Kendallville Middle School teachers honored for outstanding Disability Awareness Month campaign

KENDALLVILLE, Ind. – Two special education teachers at Kendallville Middle School, Brooke Cain and Tami Housholder, were honored at the annual Conference for People with Disabilities for organizing and implementing their school’s 2009 Disability Awareness Day, conducted during March Disability Awareness Month. This outstanding event earned both teachers a Community Spirit Award from the Indiana Governor’s Council for People with Disabilities.

Kendallville Middle School’s 2009 Disability Awareness Day included a school-wide essay contest, community speakers and a wheelchair basketball game. Cain and Housholder’s hard work has evolved from five lesson plans and 30 volunteers to 20 lesson plans, more than 50 volunteers and a school-wide event where students learn to accept the differences in all people.

Activities for 2009 Disability Awareness Day also included raising more than $2,000 to help a local fifth-grade student obtain a service dog. In addition, students wrote approximately 100 letters to their state senators to support a law permitting service dogs in all public buildings.

Each March, the Governor’s Council facilitates Disability Awareness Month by providing free resource materials to help Hoosiers conduct awareness activities in their local communities. Materials include information and activity packets, with topics ranging from planning disability-focused art contests to increasing awareness of the Americans with Disabilities Act (ADA) in businesses, as well as theme-specific items such as posters and bookmarks.

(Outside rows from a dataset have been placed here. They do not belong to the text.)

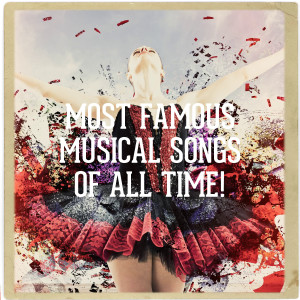 L'ensemble musical d'Ebreuil的專輯Most Famous Musical Songs of All Time!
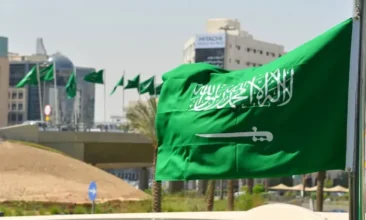 السعودية تدين التصريحات الإسرائيلية بشأن محور فيلاديلفيا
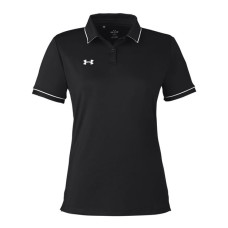 Women's Tipped Teams Performance Polo Women's Tipped Teams Performance Polo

The Council began recognizing individuals and organizations for outstanding Disability Awareness Month campaigns in 2006 as part of the Community Spirit Awards program, which also recognizes disability advocates in a second category—Distinguished Leadership. Winners are rewarded for their efforts to ensure that people with disabilities have the opportunities, support and access they need to become fully included in society. Recipients are honored at the Governor’s Council’s annual conference, which provides a unique forum for presenting a wide array of information on both local and national issues that impact the disability community.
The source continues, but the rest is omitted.